Duâ, güçsüzün GÜÇLÜ’yü çağırmasıdır. Kendilerini güçlü görenler (= zannedenler), kimseyi yardıma çağırmazlar. Ama GÜÇLÜ’nün gücünü (deprem, sel, yangın, boğulma ve ölüm gibi ânlarda) gördüklerinde, duâ otomatikman akıllarına gelir. 

“Denizde bir sıkıntı (= boğulma tehlikesi) size dokunduğu zaman, O’ndan başka yalvardıklarınız (tedû’) kaybolup gider. Fakat sizi karaya çıkarınca, yüz çevirirsiniz. İnsan çok nankördür.” (17/67.)

وَاِذَا مَسَّكُمُ الضُّرُّ فِي الْبَحْرِ ضَلَّ مَنْ تَدْعُونَ اِلَّٓا اِيَّاهُۚ فَلَمَّا نَجّٰيكُمْ اِلَى الْبَرِّ اَعْرَضْتُمْۜ وَكَانَ الْاِنْسَانُ كَفُوراً

Firavun da zorda kalınca, ben de iman ettim, dedi.

"İsrailoğullarını denizden geçirdik. Firavun ve ordusu, azgınlık ve düşmanlıkla (Mûsâ a.s.’ın başında olduğu) İsrailoğullarının peşlerine düştüler. Tam boğulmak üzereyken (Firavun) : İsrailoğullarının iman ettiği İlâh’tan (= Allah’tan) başka ilâh olmadığına (ben de) iman ettim ve (artık) ben de müslimlerdenim (= müslümanlardanım.) dedi."
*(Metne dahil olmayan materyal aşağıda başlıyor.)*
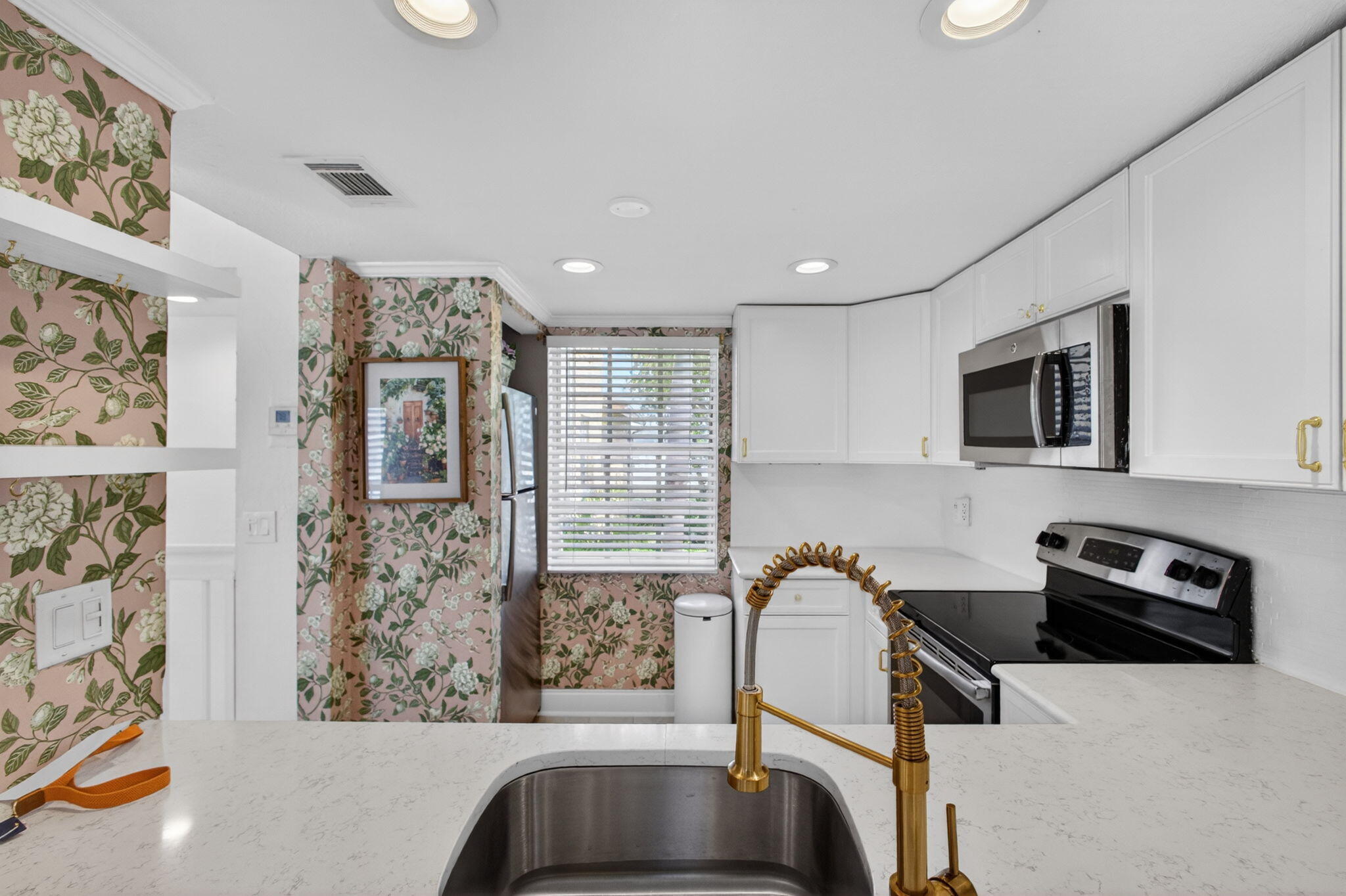 BAY REACH CONDO - Residential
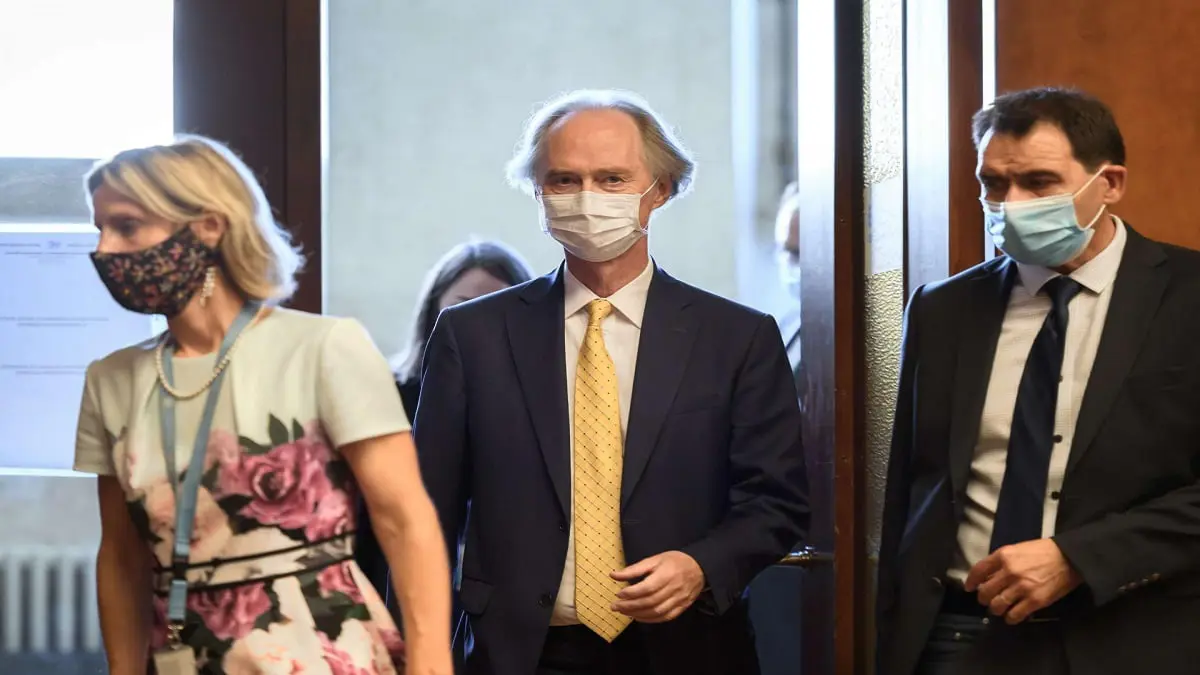 رغم إصابة 4 مشاركين بكورونا.. استئناف المحادثات حول الدستور السوري في جنيف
وَجَاوَزْنَا بِبَن۪ٓي اِسْرَٓائ۪لَ الْبَحْرَ فَاَتْبَعَهُمْ فِرْعَوْنُ وَجُنُودُهُ بَغْياً وَعَدْواًۜ حَتّٰٓى اِذَٓا اَدْرَكَهُ الْغَرَقُۙ قَالَ اٰمَنْتُ اَنَّهُ لَٓا اِلٰهَ اِلَّا الَّـذ۪ٓي اٰمَنَتْ بِه۪ بَنُٓوا اِسْرَٓائ۪لَ وَاَنَا۬ مِنَ الْمُسْلِم۪ينَ

Allah-ü Zül- Celâl da : Elân?!. = şimdi mi?!, dedi.

“Şimdi mi?!. Oysa daha önce sen isyan etmiş ve bozgunculardan olmuştun.” (10/90-91.)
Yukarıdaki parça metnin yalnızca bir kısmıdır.